The desk was still a mess from last night: open folders, legal pads filled with half-formed arguments, and a cup of coffee that had gone sour hours ago. He brushed aside the clutter until he found Kyle’s file, worn, smudged, and soft around the edges from being handled too often. The top page was covered in notes and cross-outs, but one line stood out, underlined twice in red:
UNKNOWN MALE COMPANION
That was the gap. The missing piece.
He traced the letters absently with his thumb. The paper smelled faintly of toner and rain.
At exactly eight-oh-two, his phone buzzed against the desk.
Unknown number.
Marshall froze. Then his pulse jumped, traitorous. He snatched the phone up before the second ring. “Marshall Greene.”
A pause. The same voice. Quieter, steadier. “You’re the lawyer, right? For Kyle Whitaker.”
“Yes,” Marshall said, forcing his tone to stay calm. “You called me last night.”
“Yeah. I shouldn’t have hung up.” A breath. “I didn’t know if I could trust you. I want to trust you.”
“You can trust me,” Marshall said quickly. His pulse was still hammering. “If you were with him that night, you could help an innocent man.”
For a long moment, the only sound was rain, steady, relentless, filling the silence between them.
Then: “He is innocent.” The man’s voice cracked just slightly.
Marshall’s pen hovered over a blank page. “Did you do it?"
"No." The answer was filled with anger.
"OK. I had to ask. Tell me what you know. Tell me what you saw.”
“I watched him leave,” the man said. “He didn’t go near that woman’s room. He just walked out, calm. He even looked back and waved when he got in his truck. I couldn’t believe it. He’s… hard to read, you know? It’s like he feels things and hides them all at once.”

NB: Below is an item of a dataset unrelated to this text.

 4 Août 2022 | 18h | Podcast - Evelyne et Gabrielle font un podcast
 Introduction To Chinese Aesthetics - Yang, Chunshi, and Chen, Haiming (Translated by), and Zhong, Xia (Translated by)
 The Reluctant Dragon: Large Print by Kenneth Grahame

Marshall wrote fast, the scratch of ink against paper loud in the quiet room.
The caller’s voice dropped, raw and unsteady. “He wasn’t into me. I knew that. But when he touched me, when he looked at me, it felt like he was somewhere else. Like he wanted to care but didn’t know how. It wasn’t just sex. It was like he was trying to remember what it meant to be human.”
Marshall’s chest tightened. He pressed the pen harder. “What’s your name?”
“I, I can’t say. Not yet.” Panic bled into the voice. “I’d lose everything.”
“Then meet me,” Marshall said, leaning forward over the desk. “Somewhere neutral. No police. Just talk to me. Please. I’ll do what I can to protect you.”
There was another long pause. He could hear breathing, uneven through the static.
Finally: “There’s a coffee place off Main. Second Street Café. Noon.”
Then the line went dead.
Marshall sat there, phone still in hand, the rain whispering against the windows like static. Outside, a truck splashed through a puddle, sending dirty water across the sidewalk. He didn’t move, not for a long time.
When he finally set the phone down, something in him felt different. There was a crack in the wall of helplessness. A lead. A pulse of possibility.
He exhaled, slow and unsteady, and looked again at Kyle’s name on the folder. Maybe, just maybe, this was the start of turning everything around.